The open-air concert which followed the parade included performances from the aforementioned Páll Óskar and Fridrik Omar, as well as Sigga Beinteins, who has represented Iceland three times in the Eurovision Song Contest. At one point, her backing group included three other former contestants. There were also appearances from an Icelandic boy band, Blár Ópal and Thorunn Antonia, former lead-singer with Angl0-Icelandic electronica band Fields. Local favourite Helgi Björnsson sang and danced enthusiastically while wearing a short skirt; even as the rain continued to lash down on the audience, the impassioned jubilation of the spectators diminished not a single iota. It was truly heartwarming.
That evening, we made our way to Club Broadway, a venue in the Reykjavik suburbs, for the annual Pride Party. There, we were treated to yet another performance by Páll Óskar – the love for this man truly knows no bounds. He gave extremely polished renditions of some of his most famous tracks, including ‘International’, ‘Betra Líf’ and ‘Gordjöss’. Those present screamed, sang along, clapped, jumped and applauded merrily. Afterwards, there was drinking and dancing galore before we made our way back into central Reykjavik at 3am to sample more of the local nightlife.
What really struck us about Reykjavik Gay Pride 2012 were two elements: first, the sheer diversity of what was on offer during the five-day festival, there truly was something for everyone.
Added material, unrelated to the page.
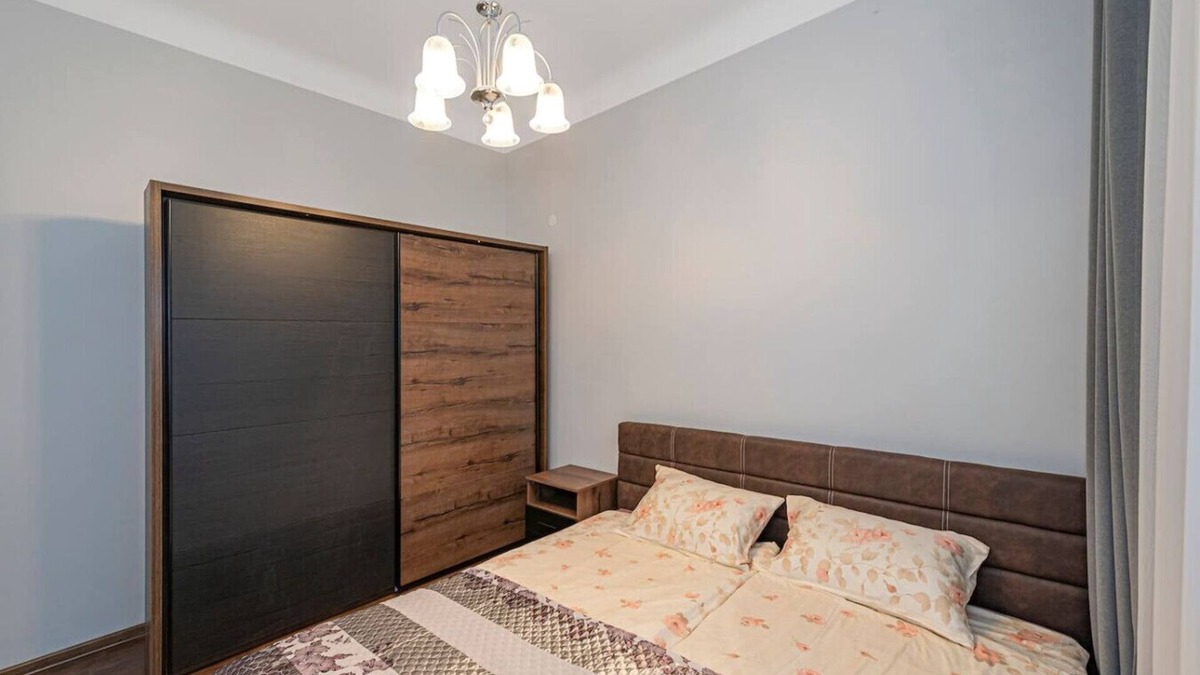 Old Town Apartment | Old town ap w FP by Polo apartments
From literary walks to photographic exhibitions to a family festival on a nearby island, it became clear to us very quickly that Pride as a concept is interpreted far more widely in Iceland than in many other countries. This is a truly inclusive event, celebrating all that is great about Iceland’s LGBTQ community and beyond. Second, this inclusivity means that the events are attended by a vast spectrum of people. Nowhere was this more evident than at the Pride Parade, at which local celebrities, gay and straight, as well as babies, toddlers, teenagers, parents, grandparents, disabled people – you name it – came together in the pouring rain to show their commitment to and belief in equality for all. Watch and learn, world. This is how it is done. Right here, in the northernmost capital city on the planet.